I have done some experiments today, and observed some potential problems:
When I write How can I start learning Django? to the app, it returns this result:
The issue is that, model gives a reference to the answers, but doesn't give direct answers. For example, inside the directory Intro Index - Part 1
, there is important information, but it is not given. I got that there is a problem about retrieval, and tried to observe the retrieval results. When I wrote the same question to the testin retrieval script (src/main/test_retrieval.py
), it gave me the following output:
The above picture is one of the 5 results (the most similar 5 documents are given) of retrieval system. As you can see the similar problem is here. The responses of an LLM and retrieval system are relevant actually, but the content is not enough. They lack information. And, they point to the more proper answers, but do not give the most proper answers (Intro Index - Part 1).
I have built retrieval system so that it shows similarity score on the output. I observed that it shows the same similarity score (0.5) for all the retrieved documents which is pretty unusual. It shows a problem about searching mechanism. Collection object (from ChromaDB) uses query method for searching the relevant documents. This is built on cosine similarity.
- As I have searched, retrieval system should be updated:
- preprocessing and chunking mechanism should be improved so that chunking mechanism has the specific structure and preprocessing step should be updated so that chunk texts contain information of the references. I mean in LLM response and retrieved contents, it shows useful references. The correct way is that it shouldn't show the references, but it has to show the content based on the references on the retrieved documents or LLM response.
- the concern about similarity score should be fixed according to the improvement of searching mechanism.
-
Prompt templates: ANSWER_TEMPLATE and SYSTEM_PROMPT have been updated;
-
Ranking mechanism has been added to the system. Cross-Encoder has been used for ranking mechanism.
-
TODO:
- Retrieving 20-25 documents;
- Ranking them;
- Reranking and choosing the most relevant ones (10 of the documents that have the highest relevance scores);
- Integrating new retrieval process with LLM response generation.
-
Initial retrieval of the 25 documents, then reranking of these 25 documents and selecting 10 most relevant documents have been done.
-
LLM was giving errors on both scripts: on testing script and interface app script. These issues have been resolved by adding checking ollama server status and modifying the model parameters. Now, llama3.1:latest is used as a main LLM model.
-
LLM response was limited to 2-3k tokens, therefore, the result of LLM was short. Now, its limit is increased to 10k. So, final LLM response is quite long and enough.
-
All ranking, reranking processes have been integrated with all testing scripts and main interface app scripts.
-
TODO:
- As because the results are look pretty good, I can continue to improve the system:
- Adding history. When a model answers it can memorizes its previous responses and take these responses and questions into consideration when answering the current question;
- It is not so urgent, but I think I can add multiple documents for Python making my model more trustworthy. For example, I can add "Fluent Python" book, or other books.
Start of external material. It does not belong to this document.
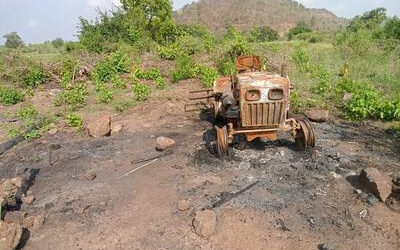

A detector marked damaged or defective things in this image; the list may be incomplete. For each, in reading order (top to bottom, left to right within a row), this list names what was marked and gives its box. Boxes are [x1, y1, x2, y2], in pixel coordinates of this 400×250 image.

burnt tractor [187, 55, 316, 156]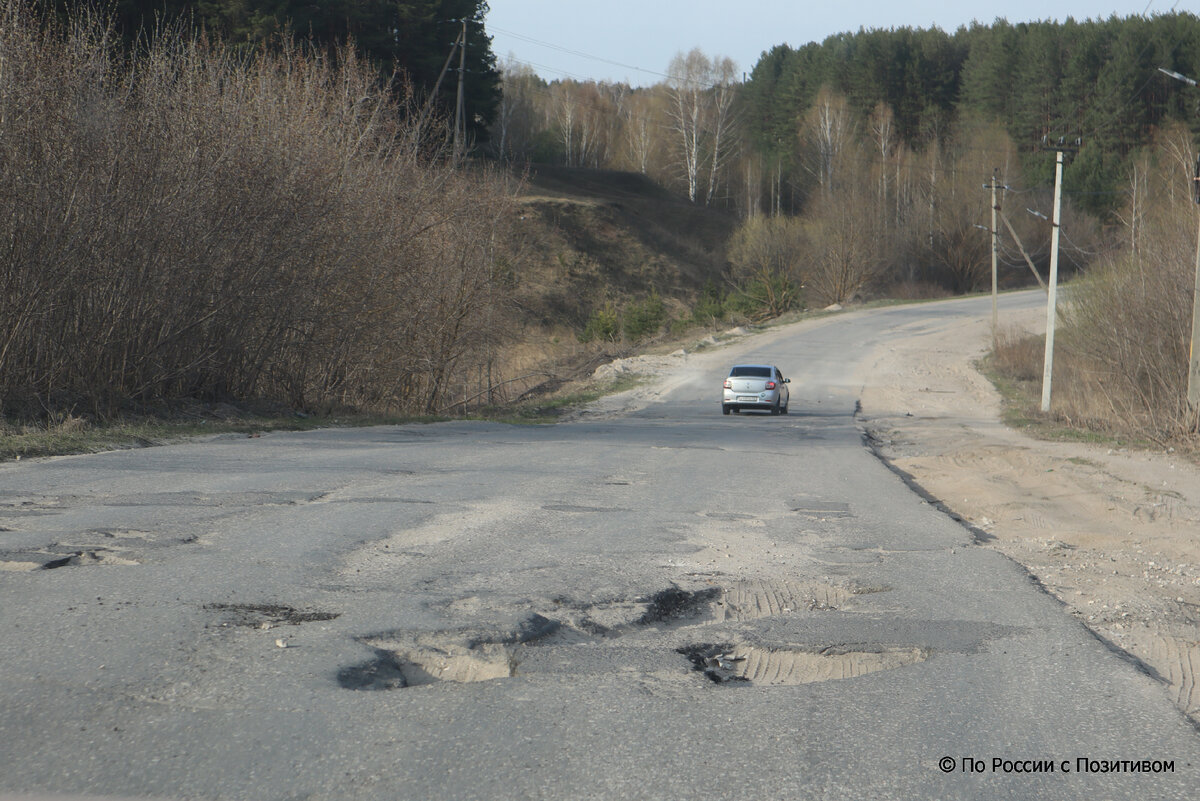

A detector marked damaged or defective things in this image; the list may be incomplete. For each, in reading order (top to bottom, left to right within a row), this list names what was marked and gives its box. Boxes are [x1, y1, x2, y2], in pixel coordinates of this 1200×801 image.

- Research about context window size of llama models and the one that I used in my OllamaClient. What do they show exactly? What is the maximum limit for this value? How can I adjust for not limiting this limit? This is important in terms of saving the previous responses and giving that previous responses to the model.
-
I think that the most important step is the integration of history and proper usage of this history. Because after accomplishing this step, I can improve the model's performance on the significant level.